### Entries supplied
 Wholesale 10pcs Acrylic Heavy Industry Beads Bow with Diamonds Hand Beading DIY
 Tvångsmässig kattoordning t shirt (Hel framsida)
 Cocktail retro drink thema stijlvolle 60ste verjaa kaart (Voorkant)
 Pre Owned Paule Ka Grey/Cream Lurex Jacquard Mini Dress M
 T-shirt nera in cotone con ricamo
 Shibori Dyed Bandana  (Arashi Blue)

* * *

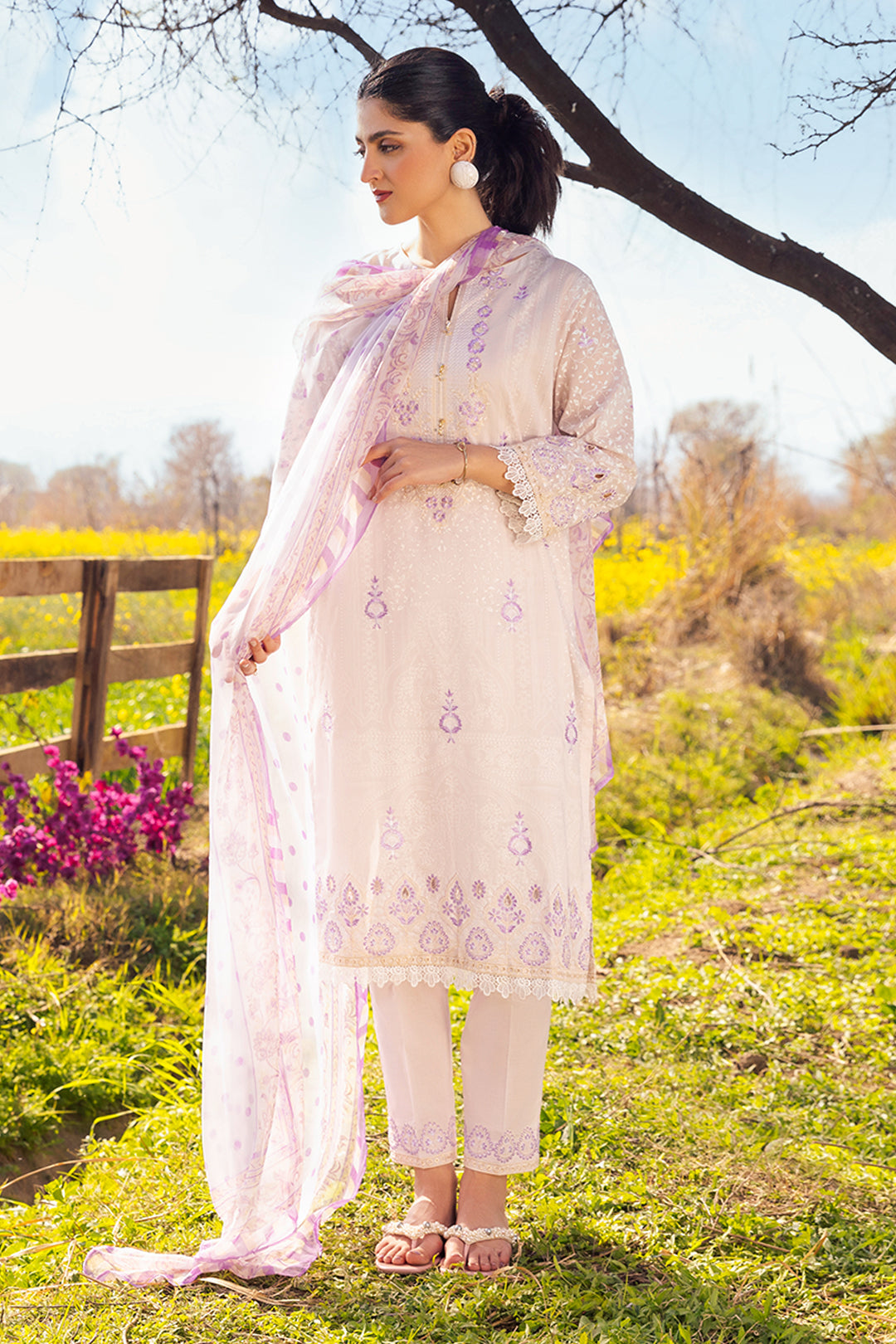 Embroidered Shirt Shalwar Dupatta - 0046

--

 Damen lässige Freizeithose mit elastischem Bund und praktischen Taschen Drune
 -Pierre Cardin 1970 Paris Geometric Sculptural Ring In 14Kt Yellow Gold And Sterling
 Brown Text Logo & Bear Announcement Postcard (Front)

### Aim of the exercise
Retype exactly, and only, the lines above from the one where "Wholesale 10pcs Acrylic" occurs up to and including the one where "Shibori Dyed Bandana" occurs.

### Exercise answer
 Wholesale 10pcs Acrylic Heavy Industry Beads Bow with Diamonds Hand Beading DIY
 Tvångsmässig kattoordning t shirt (Hel framsida)
 Cocktail retro drink thema stijlvolle 60ste verjaa kaart (Voorkant)
 Pre Owned Paule Ka Grey/Cream Lurex Jacquard Mini Dress M
 T-shirt nera in cotone con ricamo
 Shibori Dyed Bandana  (Arashi Blue)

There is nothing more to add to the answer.